= Data to process =
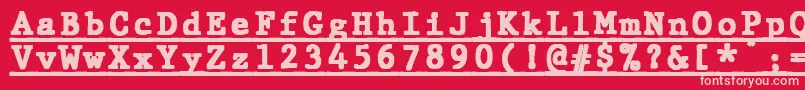 Czcionka JMH Typewriter mono Black Under – różowe czcionki na czerwonym tle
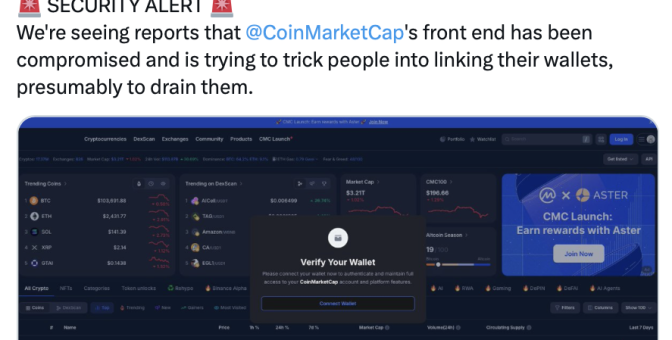 CoinMarketCap kötü amaçlı cüzdan dolandırıcılığını tespit edip kaldırdı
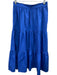 XiRENA Size M Blue Cotton Elastic Waist Midi Tiered Skirt Blue / M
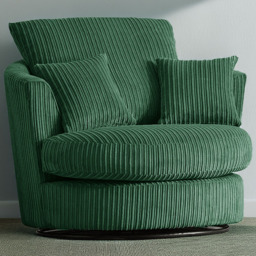 Luxor Green Jumbo Cord Fabric Swivel Chair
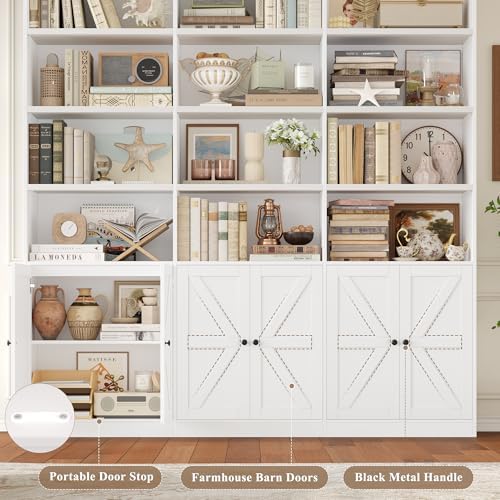 FACBOTALL 75" Tall Bookshelf, White Bookshelf and Bookcase with 6 Doors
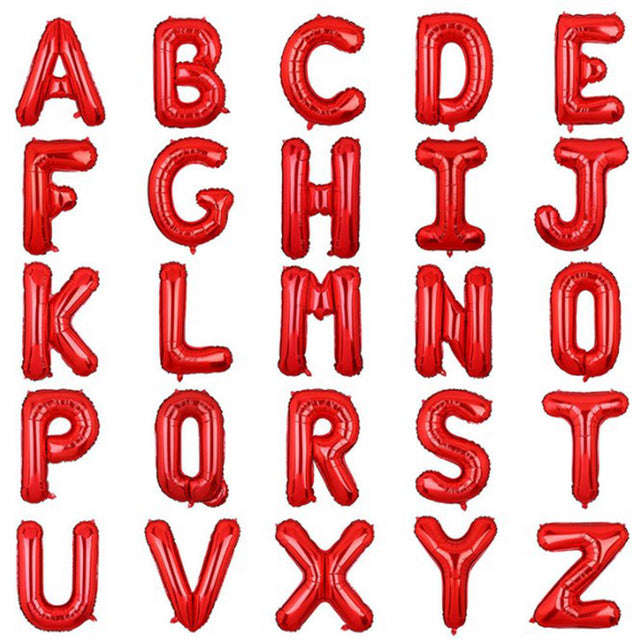 1pc 16 Inch Red Rose Gold Silver Foil Letter Alphabet Balloons Wedding Happy Birthday Party Decoration Kids Baby Shower Supplies
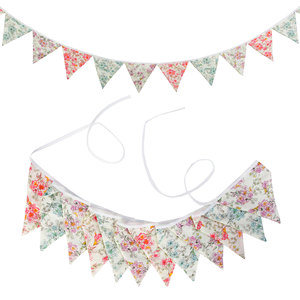 12 guirlandes triangulaires en tissu de coton pour jardin, drapeaux de décoration pour anniversaire, mariage, extérieur et maison - Product Image 2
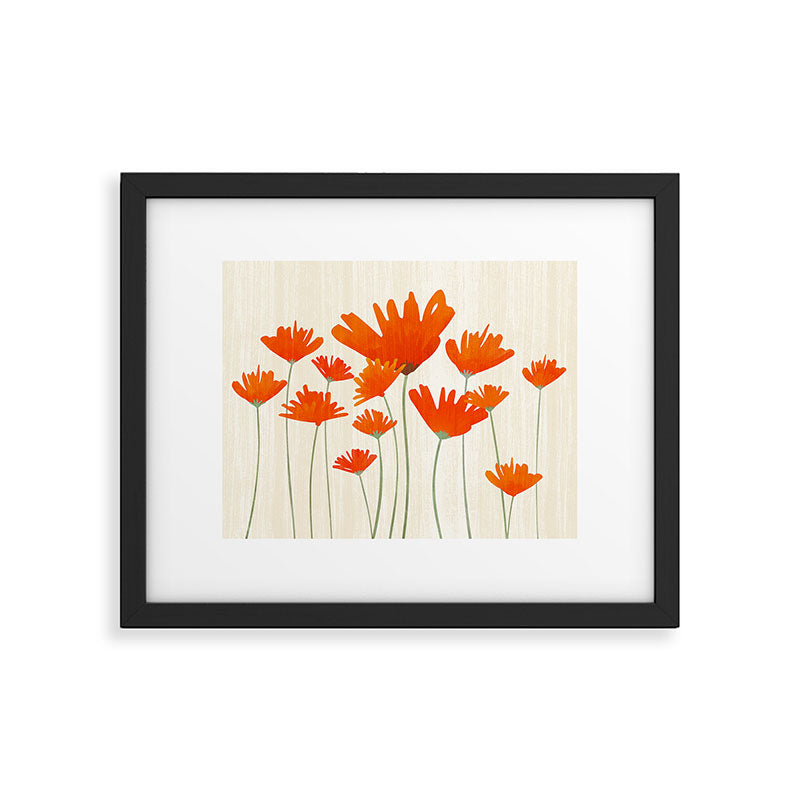 Fiery Red Flowers Framed Art Print Gallery Image 5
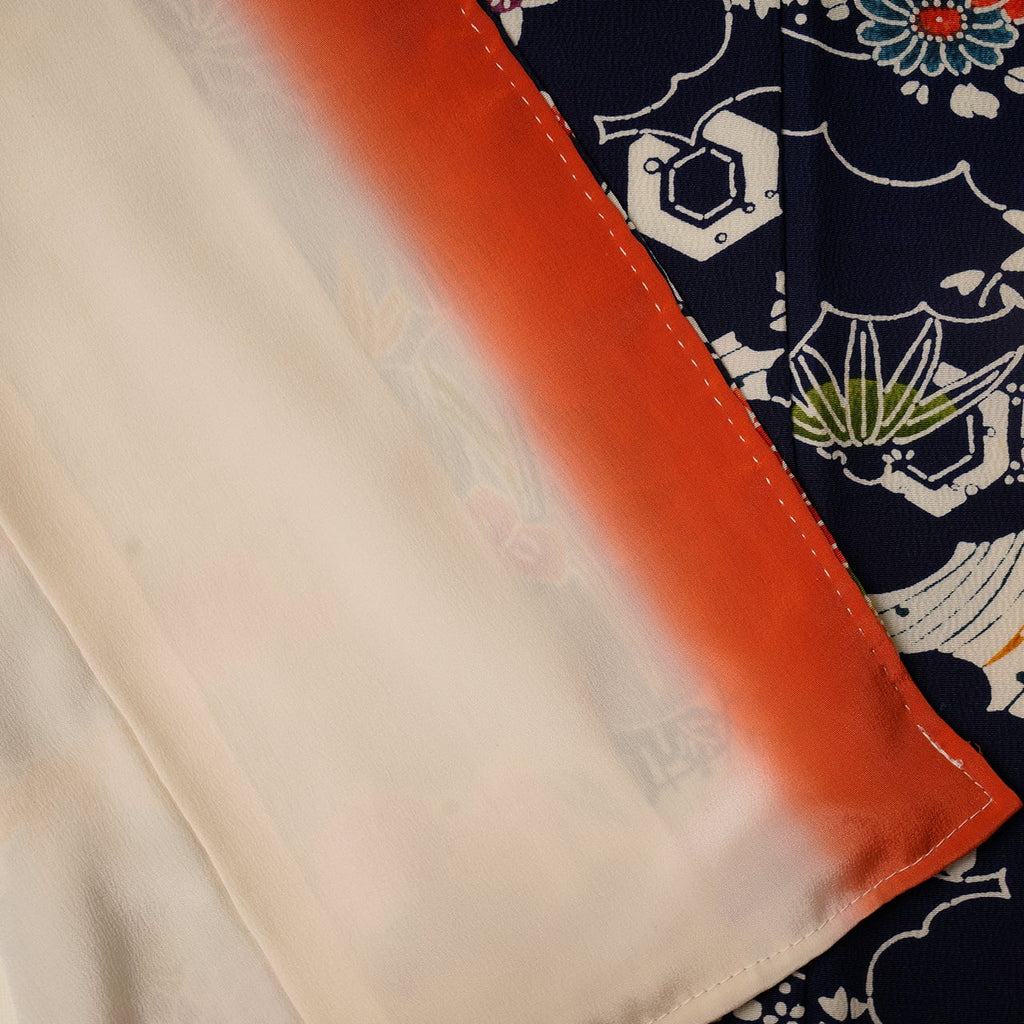 Handcrafted Robe from Vintage Kimono - Navy Blue Floral Design "Bingata"-Dyed D013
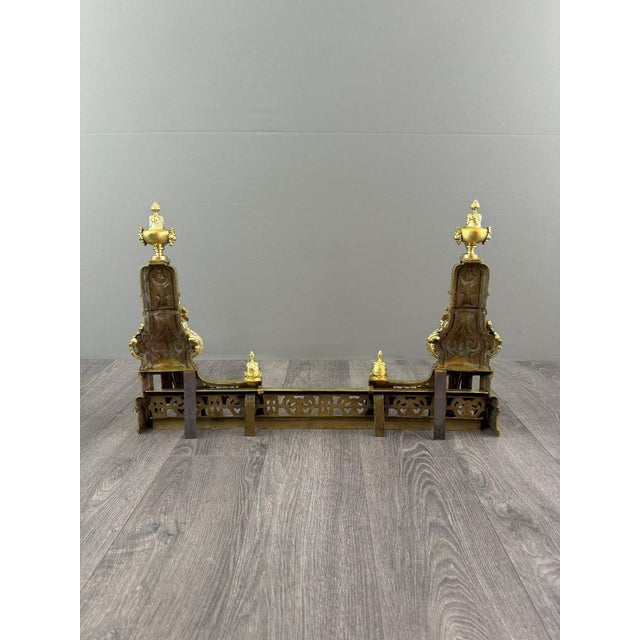 19th Century 19th Century Louis XVI Gilt Bronze Andirons, 1890s, Set of 3 For Sale - Image 5 of 11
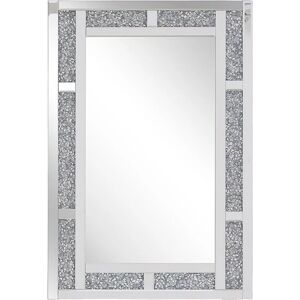 Beliani - Glamour Accent Mirror Rectangular 60 x 90 cm Wall Mounted Silver Frame Avrille - Silver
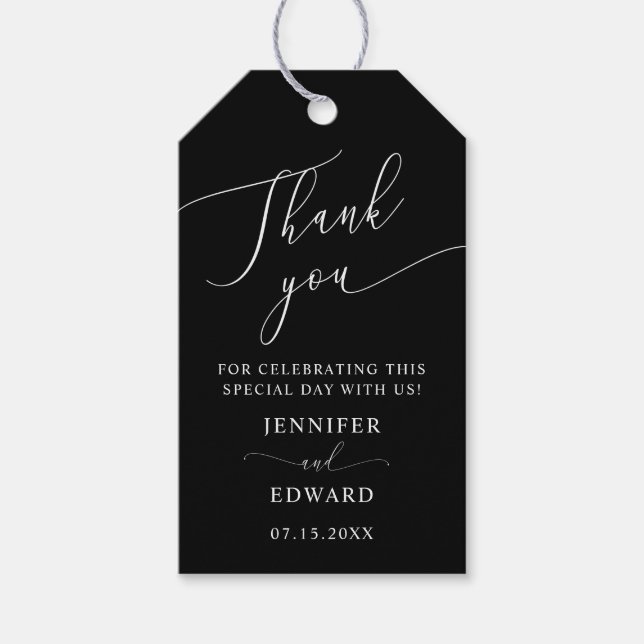 Black Minimal Wedding Thank You Gift Tags (Front)
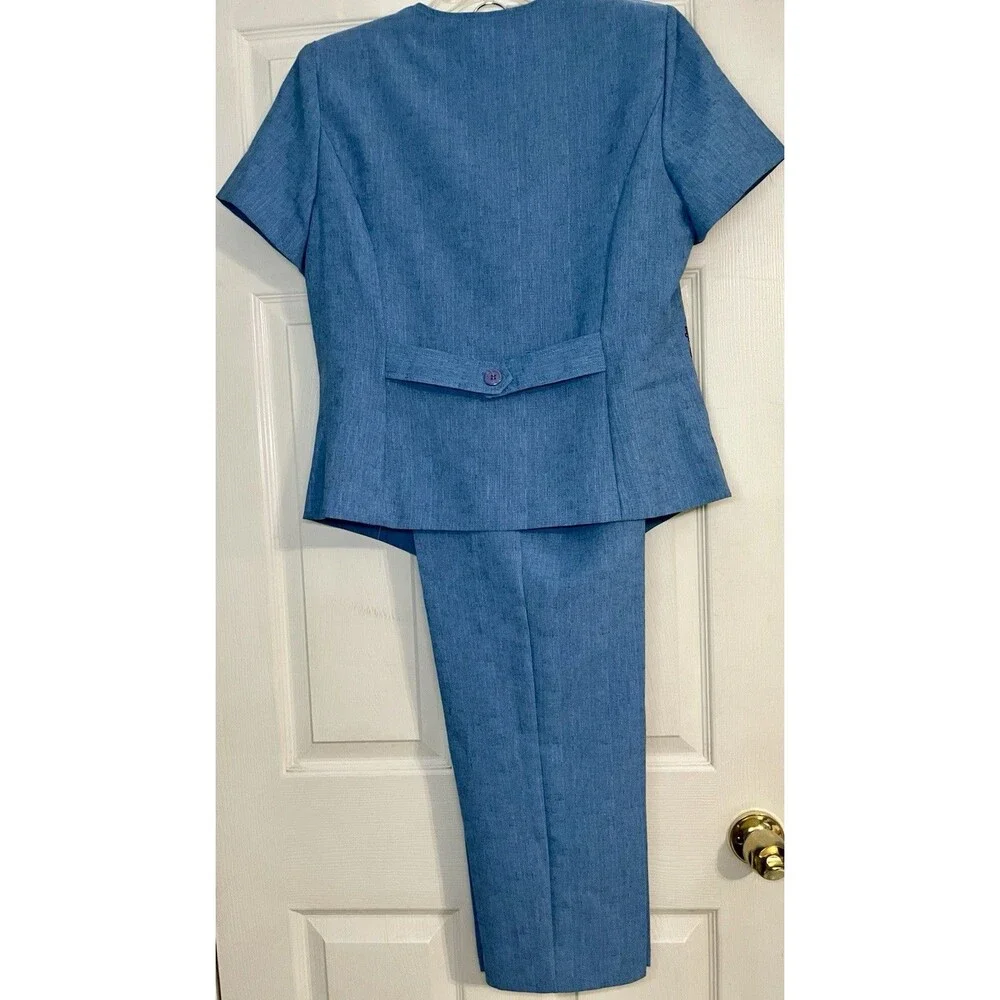 Vintage Sag Harbor Blue Sz12P 2 Piece Pant Set Button Short Sleeve Jacket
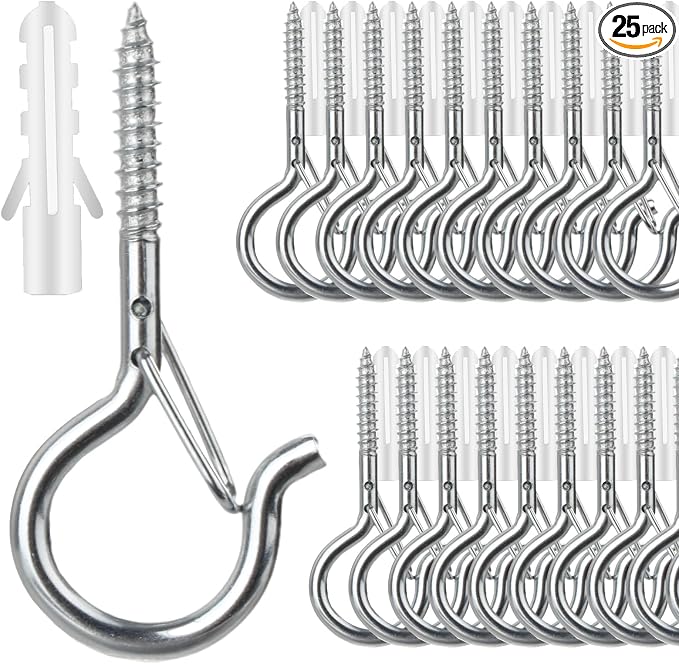 FSAH 25 PCS Screw-in Hooks for Outdoor String Lights, Q Hangers Hooks Outdoor for Outside, Swivel Hanging Basket Patio Light Hooks with Safe Buckle Screw in Planter Eye Hook for Wall Ceiling, Silver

= Instructions for the task =
Return the lines above from the one with "Luxor Green Jumbo Cord Fabric Swivel Chair" through the one with "Vintage Sag Harbor", verbatim and nothing else. Omit every picture.

= Exercise answer =
 Luxor Green Jumbo Cord Fabric Swivel Chair
 FACBOTALL 75" Tall Bookshelf, White Bookshelf and Bookcase with 6 Doors
 1pc 16 Inch Red Rose Gold Silver Foil Letter Alphabet Balloons Wedding Happy Birthday Party Decoration Kids Baby Shower Supplies
 12 guirlandes triangulaires en tissu de coton pour jardin, drapeaux de décoration pour anniversaire, mariage, extérieur et maison - Product Image 2
 Fiery Red Flowers Framed Art Print Gallery Image 5
 Handcrafted Robe from Vintage Kimono - Navy Blue Floral Design "Bingata"-Dyed D013
 19th Century 19th Century Louis XVI Gilt Bronze Andirons, 1890s, Set of 3 For Sale - Image 5 of 11
 Beliani - Glamour Accent Mirror Rectangular 60 x 90 cm Wall Mounted Silver Frame Avrille - Silver
 Black Minimal Wedding Thank You Gift Tags (Front)
 Vintage Sag Harbor Blue Sz12P 2 Piece Pant Set Button Short Sleeve Jacket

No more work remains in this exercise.